[I18n-sig] Re: [Python-Dev] Re: [XML-SIG] Python 1.6a2 Unicode experiences?

Fredrik Lundh fredrik@pythonware.com
Fri, 28 Apr 2000 14:15:06 +0200


Christopher Petrilli wrote:
>=20
> Paul Prescod [paul@prescod.net] wrote:
> > > Even working with exotic languages, there is always a native
> > > 8-bit encoding.
> >
> > Unicode has many encodings: Shift-JIS, Big-5, EBCDIC ... You can use
> > 8-bit encodings of Unicode if you want.
>=20
> Um, if you go:
>=20
>     JIS -> Unicode -> JIS
>=20
> you don't get the same thing out that you put in (at least this is
> what I've been told by a lot of Japanese developers), and therefore
> it's not terribly popular because of the nature of the Japanese (and
> Chinese) langauge.
>=20
> My experience with Unicode is that a lot of Western people think it's
> the answer to every problem asked, while most asian language people
> disagree vehemently.  This says the problem isn't solved yet, even if
> people wish to deny it.

this is partly true, partly caused by a confusion over what unicode
really is.  there are at least two issues involved here:

* the unicode character repertoire is not complete

unicode contains all characters from the basic JIS X character
sets (please correct me if I'm wrong), but it doesn't include all
characters in common use in Japan.

as far as I've understood, this is mostly personal names and trade
names.  however, different vendors tend to use different sets,
with different encodings, and there has been no consensus on
which to add, and how.

so in other words, if you're "transcoding" from one encoding to
another (when converting data, or printing or displaying on a
device assuming a different encoding), unicode isn't good enough.

as MAL pointed out, you can work around this by using custom
codecs, mapping the vendor specific characters that you happen
to use to private regions in the unicode code space.  but afaik,
there is no standard way to do that at this time.

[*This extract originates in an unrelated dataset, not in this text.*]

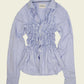 Smocked light blue shirt (ONE SIZE)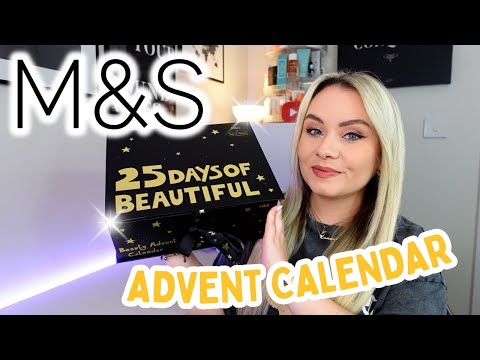 Видео: Рождественский календарь Marks & Spencer Beauty 2025 | стоимостью 330 фунтов стерлингов! ✨ MISS BOUX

(this probably applies to other "CJK languages" too.  if anyone
could verify that, I'd be grateful).

* unicode is about characters, not languages

if you have a unicode string, you still don't know how to display
it.  the string tells you what characters to use, not what language
the text is written in.

and while using one standard "glyph" per unicode character works
pretty well for latin characters (no, it's not perfect, but it's not
much of a problem in real life), it doesn't work for asian languages.
you need extra language/locale information to pick the right glyph
for any given unicode character.

and the crux is that before unicode, this wasn't really a problem
-- if you knew the encoding, you knew what language to use.  when
using unicode, you need to put that information somewhere else
(in an XML attribute, for example).

* corrections and additions are welcome, of course.